著者、宮本輝氏の父親をモデルとした小説です。シリーズ化され、36年かけて最終巻「野の春 流転の海 第九部が2018年に刊行されました。
私自身この本と出会ったのは30年以上前の高校生時代です。その時点で、第二部まで刊行されていました。その後も、新刊が出るのをずっと楽しみにしてきた作品です。
読み始め直後に、当時の新刊第三部巻末で「私の生きているうちに完結させてください」という70代の読者の方が紹介されていたのを思い出します。彼女は、最終話まで読み終えたでしょうか。

物語は、戦後の闇市から始まります。主人公は、実業家として再起をはかる松坂熊吾
なにより50歳となる彼に、初めての子どもが授かりました。熊吾は、息子が成人する日まで生き延びることを己に誓います。

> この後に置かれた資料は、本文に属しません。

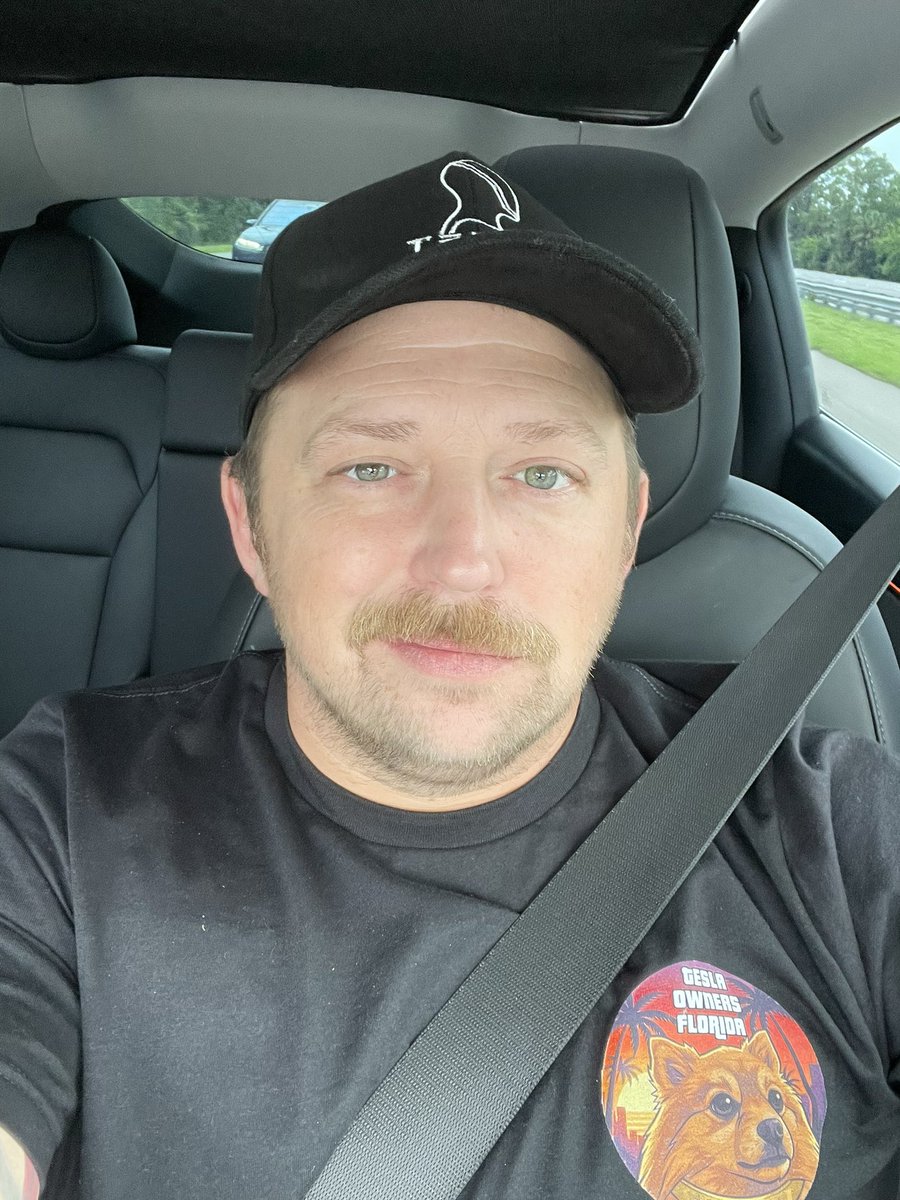 Smokey da Bear tweet media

戦後の一般的な男性像ではあるのでしょう。豪胆ごうたんで男気のあるその人柄は非常に魅力的ですが。浮気はするし、妻に暴力をふるう、現代だとありえないモラハラっぷりも全開です。
しかしその短所をもってなお、多くの登場人物はじめ、読者を惹きつけるカリスマ性のある人物でもあります。

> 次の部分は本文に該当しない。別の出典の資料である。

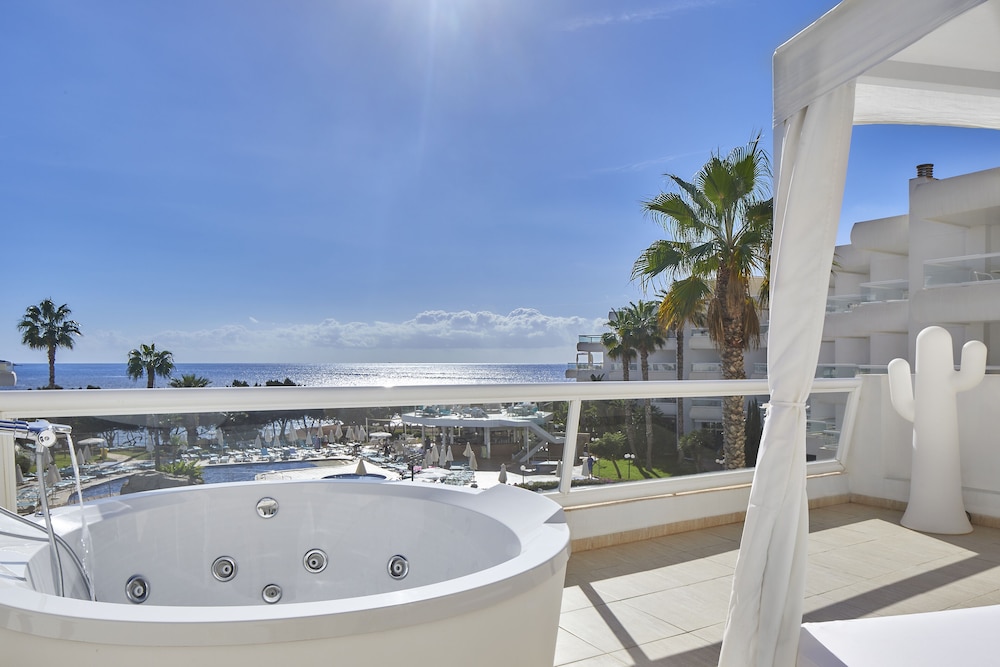 Aparthotel Tropic Garden — Hotel rooms in Santa Eulalia, Balearic Islands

熊吾はじめ登場人物はみな長短併せ持つ人間臭い人々です。シリーズを通して総勢370人もの人物が登場しているそうですが、そのすべてが生き生きと描かれ、ストーリーを大きく動かしていきます。
そのパーソナリティは実に様々。
なんとも心優しい人もいます。最後まで嫌な人間もいます。物語の中で壮絶な死を遂げる人物もいます。
そしてその人々と対峙する熊吾自身、様々な心境の変化を遂げていきます。

熊吾は商魂たくましく成功も遂げるし、あり得ない失敗で富を失いもします
何の見返りも求めず人を助け尊敬の念を集めるし、他人のプライドをひどく傷つけ恨みも買います
それでも己を貫く熊後の姿勢は、ただただ圧巻。
読み進めるほどにその人柄に引き込まれ、愛媛県宇和町の方言「~じゃけんのう」という熊吾の言いまわしが、まるで実際に耳にしたように響いてきます。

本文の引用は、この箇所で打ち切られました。